Closing Argument In issue three, Spears asserts that the trial court erred by sustaining the State’s objection to her attorney’s argument on self-defense. Specifically, Spears complains about the following: [Defense Counsel:] . . . People don’t just pick up a gun and shoot somebody. There is a reason for it. What’s the reason? Why did [Spears] do it? The State, I didn’t hear any other reasoning other than self defense that she was trying to get away from the guy. [The State]: Objection, Your Honor, argument outside of the record and it is well-known the State must not prove any motive and defense counsel’s argument invites the jury to speculate that the State must prove motive and that is improper. THE COURT: All right. Sustained. Proceed. Spears argues that because the objected to portion of her argument pertained to her self defense claim, the trial court, by sustaining the State’s objection, discounted her defensive argument and denied her a fair trial. A criminal defendant is allowed to argue any defensive theory supported by the evidence admitted at trial. Arnold v. State, 68 S.W.3d 93, 102 (Tex. App.–Dallas 2001, pet. ref’d), cf. Brown v. State, 955 S.W.2d 276, 279 (Tex. Crim. App. 1997). Counsel, during closing argument, may draw all inferences from the facts in evidence that are reasonable, fair, and legitimate. Allridge v. State, 762 S.W.2d 146, 156 (Tex. Crim.
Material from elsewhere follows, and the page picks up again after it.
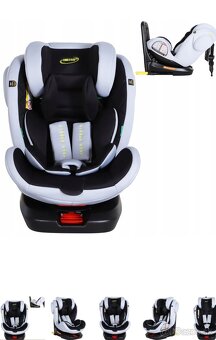 Autosedačka Faro 40-150cm, úplne nová zabalená - 4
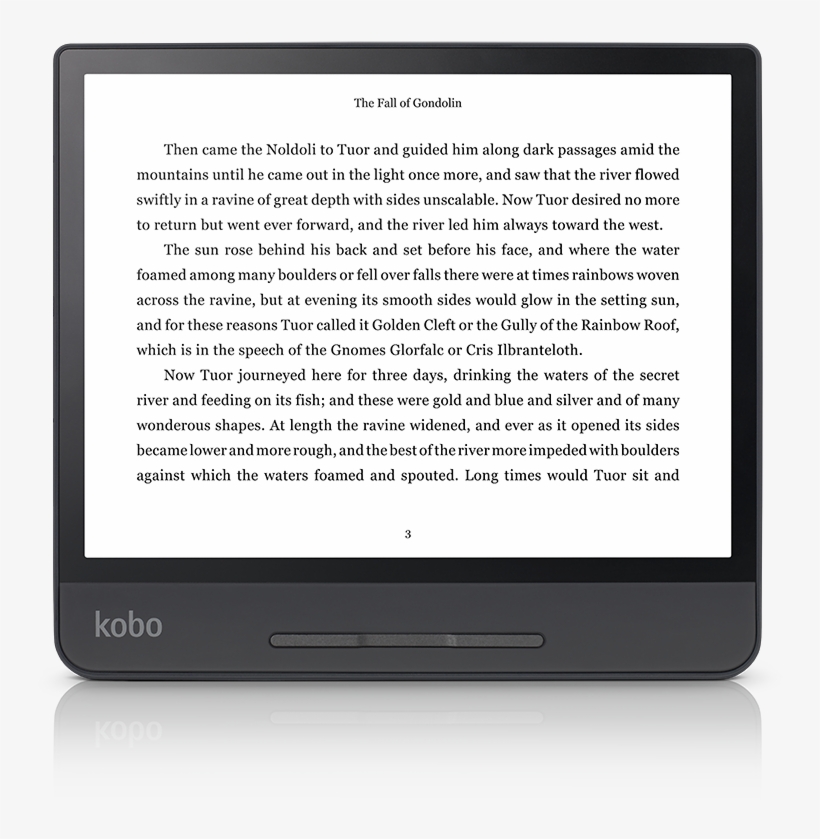 Kobo Forma - Kobo Forma Ereader 8 Inch Hd Carta E Ink Most Lightweight, transparent png #6484751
App. 1988); see also Alejandro v. State, 493 S.W.2d 230, 231 (Tex. Crim. App. 1973) (setting forth the four permissible areas of jury argument). However, arguments that misstate the
law are improper. Arnold, 68 S.W.3d at 102; see also Culton v. State, 95 S.W.3d 401, 404, 406 (Tex. App.–Houston [1st Dist.] 2002, pet. ref’d). With respect to arguing burdens of proof, defense counsel may not make statements about the State’s burden of proof that are inaccurate or misleading. Loar v. State, 627 S.W.2d 399, 401 (Tex. Crim. App. 1981); Arnold, 68 S.W.3d 102. In a case involving a claim of self-defense, once a defendant satisfies his initial burden of producing some evidence to justify submitting a self-defense instruction, the State’s burden does not change: it must still prove beyond a reasonable doubt that the defendant committed the charged offense. Saxton v. State, 804 S.W.2d 910, 913 (Tex. Crim. App. 1991); see also TEX. PEN. CODE ANN. §§ 9.31, 9.32 (Vernon Supp. 2009). While the State has the burden of persuasion with respect to the defendant’s self -defense claim, the State does not have the burden of producing evidence to refute the defendant’s defensive theory. Saxton, 804 S.W.2d at 913. Even where relevant to prove the commission of an offense, the State has no burden to prove motive, as motive is not an essential element of a criminal offense. Loudres v. State, 614 S.W.2d 407, 411 (Tex. Crim. App. 1980); see also Crane v. State, 786 S.W.2d 338, 349 (Tex. Crim. App. 1990). In this case, the statement made by Spears’s counsel that he had not heard “any other reasoning other than self[-]defense,” implied a burden of proof that the State did not have; the argument implied that the State, in order to refute Spears’s self -defense claim, had to present evidence of Spears’s motive to kill Harvey. But the State was not required
to prove what motivated Spears to kill Harvey to prevail. Loudres, 614 S.W.2d at 411.While the jurors had to unanimously agree that the defendant’s conduct was not justified by self-defense, it was not necessary for each juror to unanimously agree as to why. Rodriguez v. State, 212 S.W.3d 819, 821 (Tex. App.–Austin 2006, no pet.). We conclude that the trial court properly sustained the State’s objection to Spears’s closing argument. We overrule Spears’s third issue. Accordingly, we affirm the trial court’s judgment. AFFIRMED.
________________________________ HOLLIS HORTON Justice
Submitted on June 2, 2010 Opinion Delivered June 23, 2010 Do Not Publish Before Gaultney, Kreger, and Horton, JJ.